The Post, meanwhile, has framed the story around the outraged response of prominent conservatives to the site of lawlessness in an American city.

The paper’s initial article on the situation — titled “‘This is not a game’: Trump threatens to ‘take back’ Seattle as protesters set up ‘autonomous zone’” — focused on the president’s insistence that Washington’s Democratic governor Jay Inslee take control of the situation.

“Radical Left Governor @JayInslee and the Mayor of Seattle are being taunted and played at a level that our great Country has never seen before. Take back your city NOW. If you don’t do it, I will. This is not a game. These ugly Anarchists must be stopped IMMEDIATELY. MOVE FAST!” Trump tweeted Thursday afternoon.

During a Wednesday afternoon press briefing, Inslee was asked to weigh in on the Capitol Hill Autonomous Zone, but said he had not heard of the situation, despite its widespread coverage. Inslee did respond to Trump on Twitter, saying “a man who is totally incapable of governing should stay out of Washington state’s business. ‘Stoop’ tweeting.”

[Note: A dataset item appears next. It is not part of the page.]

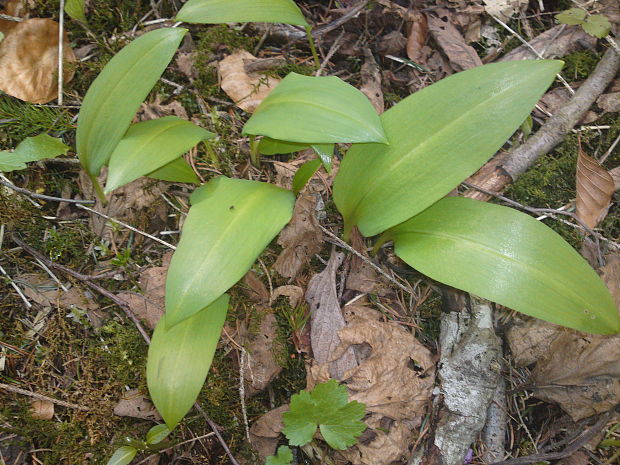 cesnak medvedí Allium ursinum L.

The Post also gave top billing to the reaction of prominent conservative lawmakers, including Representative Matt Gaetz of Florida and Senator Ted Cruz of Texas, and even reported on Fox News host Tucker Carlson’s opinion of the unrest. But it did not initially mention the occupier’s list of demands, and only briefly cited the Seattle Times buried well into the story to note that “at least one man with a long gun was seen in the area,” before adding a caveat that “the scene has been peaceful since police left the area.”

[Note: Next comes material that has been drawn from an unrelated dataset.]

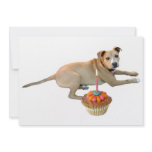 Dog Cake Birthday Invitation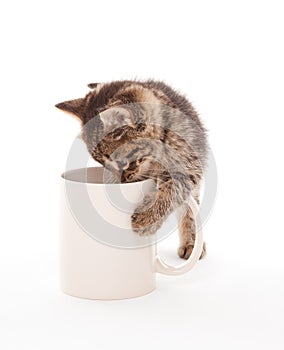 Kitten with coffee cup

The stories are a far cry from the 2016 coverage of a similar situation involving armed far-right agitators who seized unoccupied federal buildings in Oregon’s Malheur National Wildlife Refuge. In a Twitter thread, conservative communications strategist Drew Holden displayed side-by-side comparisons of headlines from the two outlets and others to demonstrate the point.

Both the Times and the Post framed the standoff — which lasted 40 days and resulted in the death of Robert LaVoy Finicum, an Arizona rancher, who was shot by authorities — as part of a broad right-wing extremist push against the federal government.

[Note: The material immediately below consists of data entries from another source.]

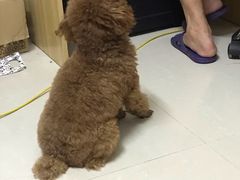 -蛇平饭店(明园路店)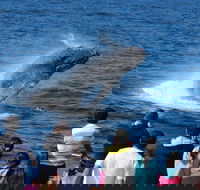 Tangalooma Island Resort Whale Watching Day Cruise - Find Attractions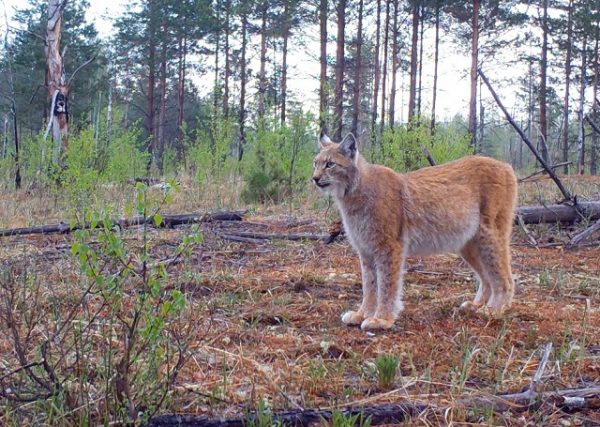 Рысь и медведь попались в фотоловушку Керженского заповедника (Фото)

“The occupation of a federal wildlife refuge in Oregon may seem like the ravings of a small group of armed activists, but it belongs to a much larger movement in the western United States,” the Post explained in an article titled “The Oregon standoff is far bigger than a group of armed men in a refuge.” The paper explained that the ranchers were protesting the Federal Land Policy and Management Act of 1976, which confirmed the policy of federal retention of public lands.

In its own analysis piece, the Times quoted a former analyst at the Department of Homeland Security, who warned that the government had failed to “provide the analysis and intelligence to track these kinds of things before it gets to the point of confrontation.” The government “has failed to gather the intelligence needed to fight right-wing extremism in the United States,” the Times explained.

They also quoted Keith Ellison, at the time a Minnesota congressman. “The Department of Homeland Security needs to deal with Muslim extremists, but don’t ignore every other kind of threat,” Ellison told the Times.

Two years later, Ellison took a photo with an Antifa handbook. “I just found the book that strike fear in the heart of @realDonaldTrump,” he tweeted.